Alex Butler told me that Jeff Mangum was putting out a new album and possibly touring, and I scoffed, but apparently there is some ligitimacy to the rumors. So, sorry, Alex. Jeff Mangum has flaked on me before, especially with that field recording crap. (NB: I'm sure it's pretty good and interesting and all, but I don't want to hear Jeff dicking around on some cliff in Wales, I want to hear "Holland, 1945.")

There's apparently a note on the Elephant 6 message board, and if you have the audacity to read pitchfork (which I really don't anymore, I'm sorry, I'm at the end of my rope with these people) they have something in their news section.

I emailed Tim about it too, so you could just ask him.

It's one in the afternoon and I haven't done anything with my day yet. I haven't even showered. I'm working at Fenway tonight and tomorrow night (they gave Pedro an ovation last night, I was shocked.), so look for me in the stands or on TV. I'll be the asshole in the yellow shirt hocking big foam fingers.

- - - -

I saw Stephen Malkmus at Bonnaroo too. His bass player was hot from about 75 yards away. Again, typical.

Saturday, June 10, 2006

Demon War Yell Down Hell Ride

So I left Rory's graduation party feeling pretty good. I had a lot of fun, I was laughing a lot, I came in contact with people I had not seen in a long time, I met Rory's parents, Wood kept talking to me about something called career day (he apparently works at an elementary school), I called Orlando "Donny" as he was leaving, but nobody cared, and so on and so forth.

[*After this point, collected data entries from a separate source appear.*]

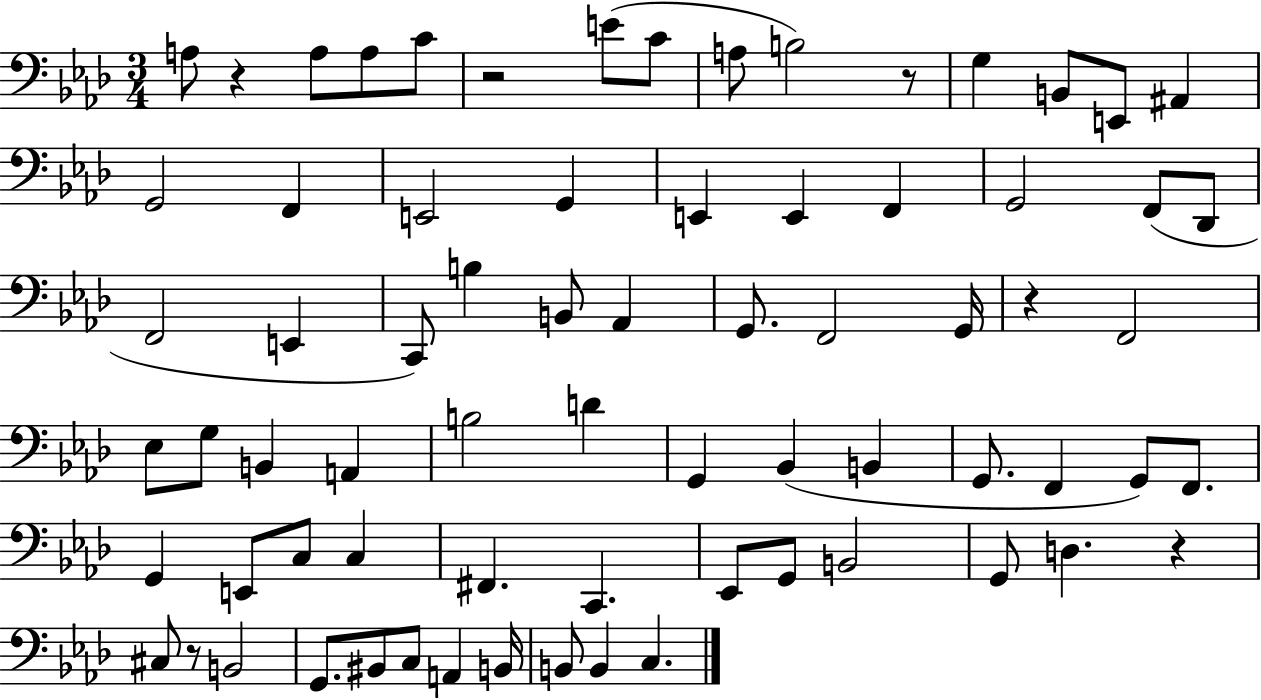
X:1
T:Untitled
M:3/4
L:1/4
K:Ab
A,/2 z A,/2 A,/2 C/2 z2 E/2 C/2 A,/2 B,2 z/2 G, B,,/2 E,,/2 ^A,, G,,2 F,, E,,2 G,, E,, E,, F,, G,,2 F,,/2 _D,,/2 F,,2 E,, C,,/2 B, B,,/2 _A,, G,,/2 F,,2 G,,/4 z F,,2 _E,/2 G,/2 B,, A,, B,2 D G,, _B,, B,, G,,/2 F,, G,,/2 F,,/2 G,, E,,/2 C,/2 C, ^F,, C,, _E,,/2 G,,/2 B,,2 G,,/2 D, z ^C,/2 z/2 B,,2 G,,/2 ^B,,/2 C,/2 A,, B,,/4 B,,/2 B,, C,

At this point, there wasn't that much to complain about.

When I got to Jen's I parked and ran up the street, through the rain, to her apartment. She had already gone to sleep, so I sat up for maybe a half hour with everyone else watching something called "Survivor Man" on the discovery channel. Two a.m. rolled around, and I figured that it was in everyone's best interest to leave, so I left.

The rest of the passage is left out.